Press the seams to one side (does not matter which direction you press). Your four squares should look like this:
Two opposing sides in the green star point fabric, one in the light contrast fabric, and one in the background fabric.
Next, we trim the blocks to size. I use the 4.5" fussy cut ruler from my Quilt In A Day Fussy Cut Rulers, but there are lots of other rulers out there specially for cutting quarter triangle square blocks. You need a ruler that has 90 degree diagonal lines marked on it. Line up the lines on the diagonal seams and cut to 4.5" square.
Here is the trimmed square. So far, it looks just like an hourglass block.

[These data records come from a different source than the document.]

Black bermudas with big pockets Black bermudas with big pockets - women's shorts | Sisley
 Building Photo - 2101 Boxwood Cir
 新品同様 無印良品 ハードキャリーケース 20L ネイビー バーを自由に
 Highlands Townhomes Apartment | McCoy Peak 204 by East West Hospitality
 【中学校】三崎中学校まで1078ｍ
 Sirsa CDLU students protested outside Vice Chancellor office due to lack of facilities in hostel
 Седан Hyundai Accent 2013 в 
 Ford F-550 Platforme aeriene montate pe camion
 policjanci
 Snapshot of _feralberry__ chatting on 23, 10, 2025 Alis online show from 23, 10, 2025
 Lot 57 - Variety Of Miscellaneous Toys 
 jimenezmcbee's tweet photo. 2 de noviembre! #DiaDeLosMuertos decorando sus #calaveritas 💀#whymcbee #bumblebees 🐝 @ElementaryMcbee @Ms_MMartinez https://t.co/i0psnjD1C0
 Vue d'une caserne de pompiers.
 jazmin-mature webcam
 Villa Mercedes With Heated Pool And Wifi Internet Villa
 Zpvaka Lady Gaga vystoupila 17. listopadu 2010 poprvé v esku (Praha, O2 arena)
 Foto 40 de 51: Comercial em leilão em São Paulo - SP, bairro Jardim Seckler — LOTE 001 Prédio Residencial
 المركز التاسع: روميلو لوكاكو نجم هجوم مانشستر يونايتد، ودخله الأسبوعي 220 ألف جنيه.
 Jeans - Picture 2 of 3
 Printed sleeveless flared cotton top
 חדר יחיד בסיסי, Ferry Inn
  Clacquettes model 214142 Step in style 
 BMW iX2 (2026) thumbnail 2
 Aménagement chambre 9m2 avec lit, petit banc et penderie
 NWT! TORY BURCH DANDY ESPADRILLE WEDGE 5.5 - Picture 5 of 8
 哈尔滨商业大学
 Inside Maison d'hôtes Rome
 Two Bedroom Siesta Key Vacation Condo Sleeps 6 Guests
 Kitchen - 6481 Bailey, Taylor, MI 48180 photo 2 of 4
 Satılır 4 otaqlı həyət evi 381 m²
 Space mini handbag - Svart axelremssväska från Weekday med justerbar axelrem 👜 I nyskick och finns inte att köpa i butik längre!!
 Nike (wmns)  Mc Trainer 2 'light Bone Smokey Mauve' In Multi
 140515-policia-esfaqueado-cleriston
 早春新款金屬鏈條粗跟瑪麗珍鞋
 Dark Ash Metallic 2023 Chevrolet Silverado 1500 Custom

Now for the radical part, the cut that creates the look of the star block. Using a ruler (I am using a 6" square Olfa ruler here), you will trim the block down to 4.5" by 3.5" by trimming from the side with the contrast fabric triangle. Don't trim the background triangle!
You are cutting an inch from one side. (I know some of you are shuddering at the "waste" but this method is much easier than cutting out each shape using templates and then piecing individually. Instead, you get this complicated look using easy techniques.)
You have five pieces of the final block finished; put them on your block board and see how it looks.
(If you want to keep it simple, you can at this point use 3.5" squares of your background fabric for the corners of the block, instead of the pieced corners.)
To piece the corners, lay out the small red squares and the remaining background pieces to form the corners. Sew eight red squares to the ends of the eight background rectangles and four red squares between pairs of background squares. Press toward the red.
Sew the three resulting strips together to form the corner squares. I press these seams open to help keep the piece flat.
Put the block together on your block board. I sew the block together by working in rows across.
I chain piece without cutting the threads between the rows. This keeps everything together in the correct sequence. Press seams toward the star point blocks. This will allow the seams to butt when you put the rows together.
Sew the three rows together and press seams away from the center. You have finished one block!
Now, start again and make another one!
You can change the size of the final block by varying the size of the squares used for the hourglass blocks; a smaller square will yield a smaller final block (you will need to downsize all the other pieces too).